__PROBLEM DETAILS__
Write out exactly, and only, the lines below from the line with "Clutch Slave Cylinder" through the line with "CHEVROLET SILVERADO - 6"; pictures do not belong in the copy.

__MATERIAL SHOWN__
---*---

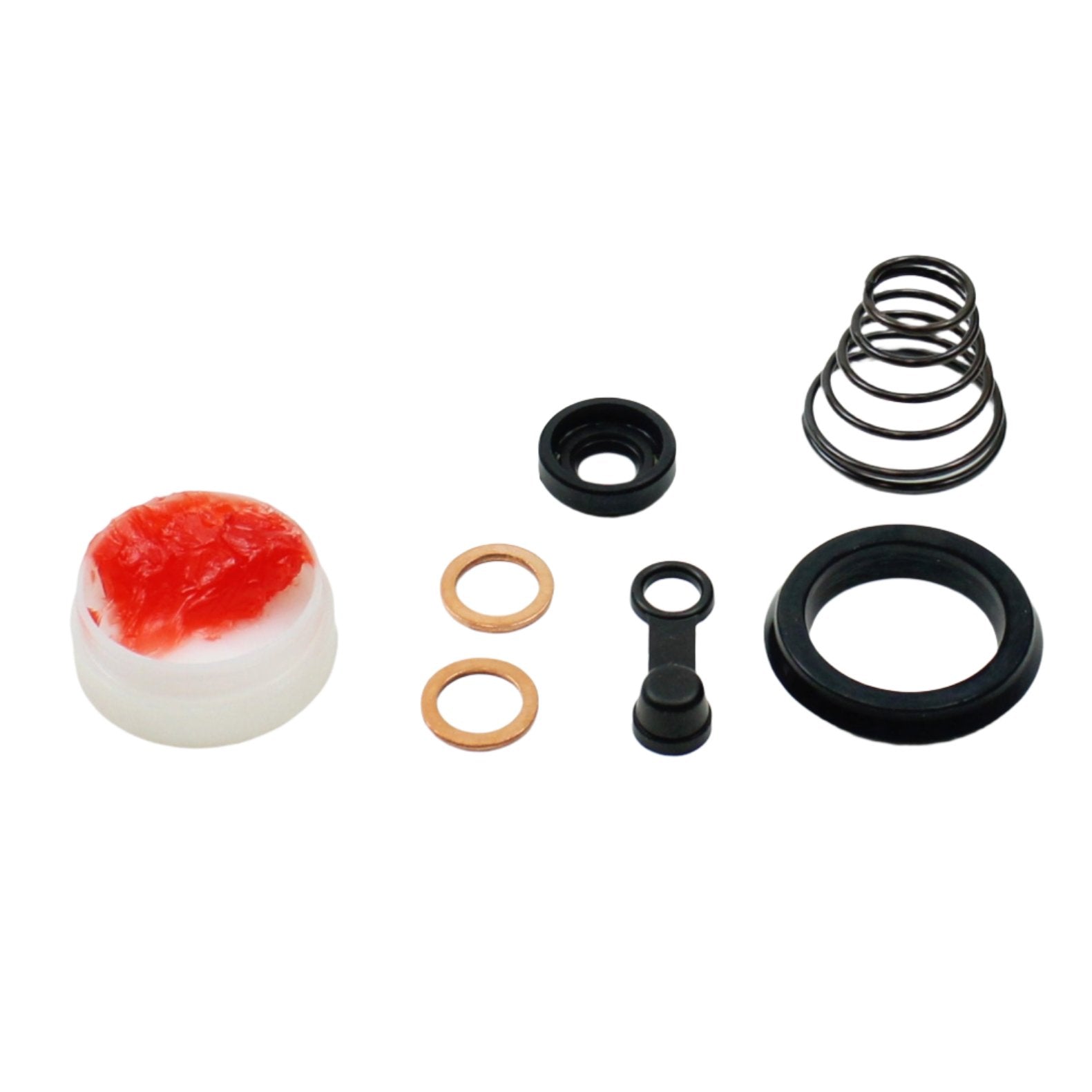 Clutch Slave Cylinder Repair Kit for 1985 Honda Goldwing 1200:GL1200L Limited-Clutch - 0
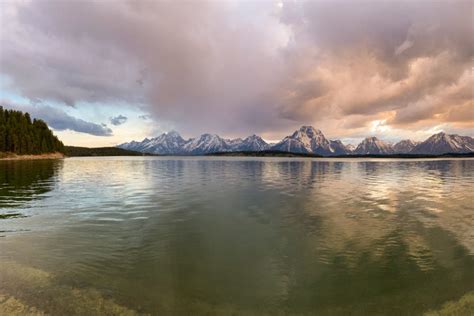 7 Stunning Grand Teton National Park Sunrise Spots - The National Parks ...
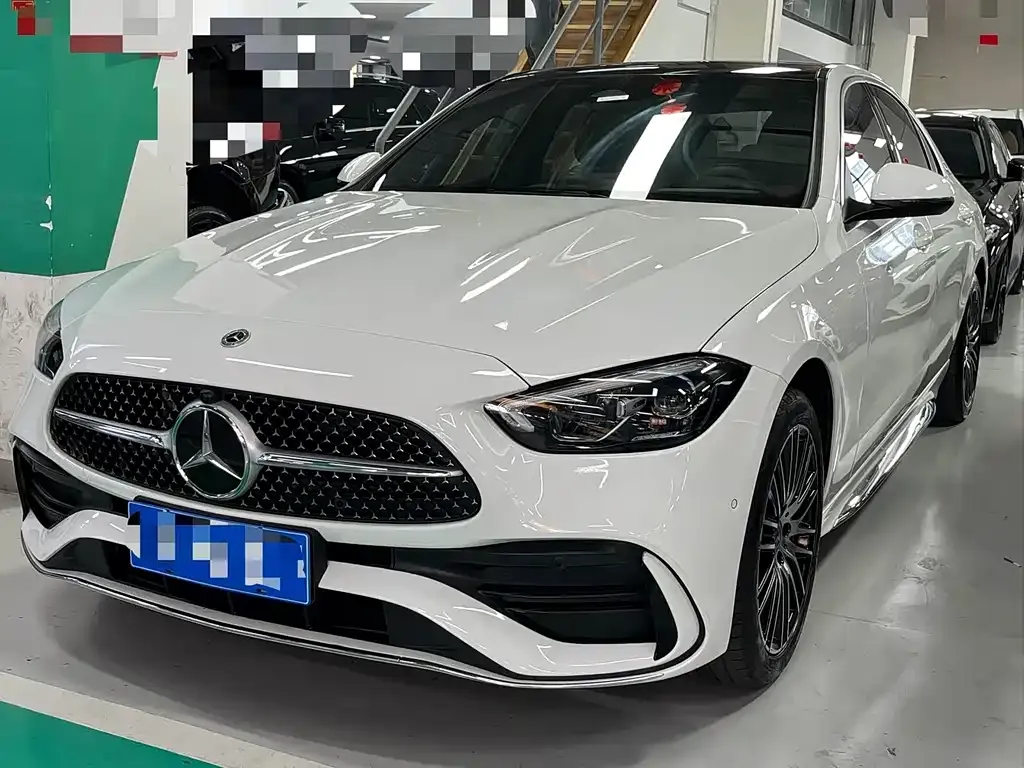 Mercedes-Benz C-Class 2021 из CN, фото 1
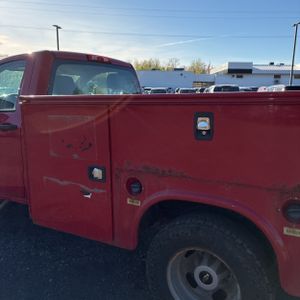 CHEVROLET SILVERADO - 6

---*---

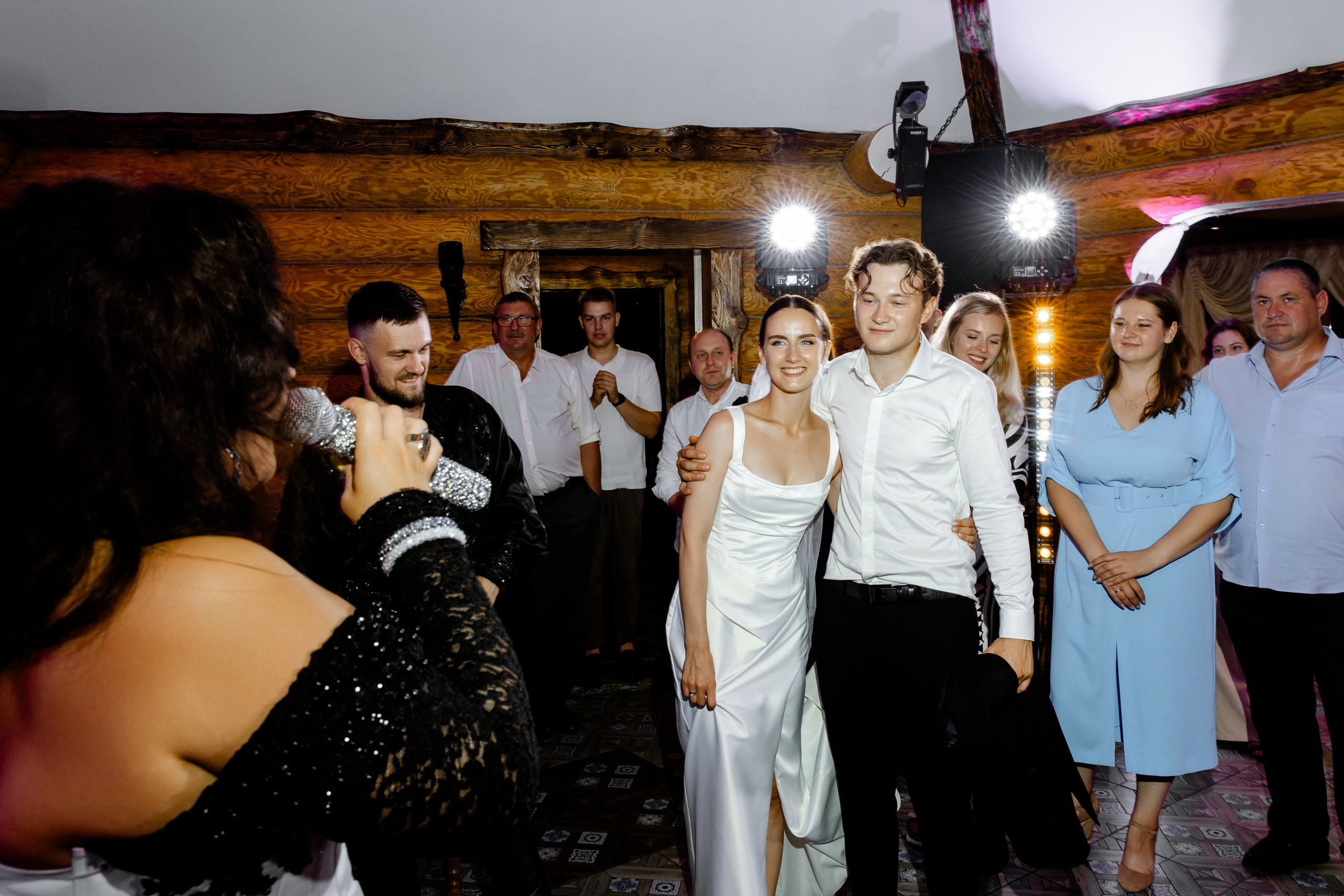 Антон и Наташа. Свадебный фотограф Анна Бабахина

---*---

__TASK RESULT__
 Clutch Slave Cylinder Repair Kit for 1985 Honda Goldwing 1200:GL1200L Limited-Clutch - 0
 7 Stunning Grand Teton National Park Sunrise Spots - The National Parks ...
 Mercedes-Benz C-Class 2021 из CN, фото 1
 CHEVROLET SILVERADO - 6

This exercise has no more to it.